Wednesday 7 January 2015

Out of the Acne

I have recently acquired all my previously deleted blogs from the evil empire of Myspace after they deleted every remaining good thing about their site a while ago. I am uploading them steadily, all correctly backdated, to here: http://helsby-eschaton.blogspot.co.uk/

Before I had access to them, I remembered these blogs as being prime examples of the effervescent wit you only get from 17 year olds and better than anything I ever did here on this site, which is basically dedicated to me repeatedly emphasising to you what a big softie I am through vaguely rare soul and disco records and flowery writing. In reality, of course, the myspace blogs are the self-absorbed jeers from the back of the class of someone who needs you to know they listen to Bjork and is genuinely impressed by a missy elliott/le tigre mashup.
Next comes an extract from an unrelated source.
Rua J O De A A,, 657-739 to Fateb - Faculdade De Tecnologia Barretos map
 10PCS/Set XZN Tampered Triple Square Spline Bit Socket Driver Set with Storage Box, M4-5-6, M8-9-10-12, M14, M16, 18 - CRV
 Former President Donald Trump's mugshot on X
Odd things stand out like some (I stress some) of my points about punk, but most of it I don't agree with anymore. Nowhere is this truer than the horrifying rant against Westwood, who I now think of as the best example of the Romantic ideal of becoming whoever you want since Lawrence of Arabia.

I will probably start a new blog soon,

X

Thursday 11 October 2012

Prose poem about the post-modern, post-ironic crisis inherent in a Jools Holland appearance.

the unending strain of trying to do something truly anarchic and spontaneous in our slot on later with jools holland. it never leaves us.

noise solos dont even work cos he has like jazz shit on all the time and so it's just normality to him.

how do we make the man sweat, is it really impossible

i could wear an eccentric dress

you could sing along despite not having a mic, like it's one of your fav songs and you'd sing along no matter what you were doing

it never leaves us

can't trash the stage; too obvious, contrived.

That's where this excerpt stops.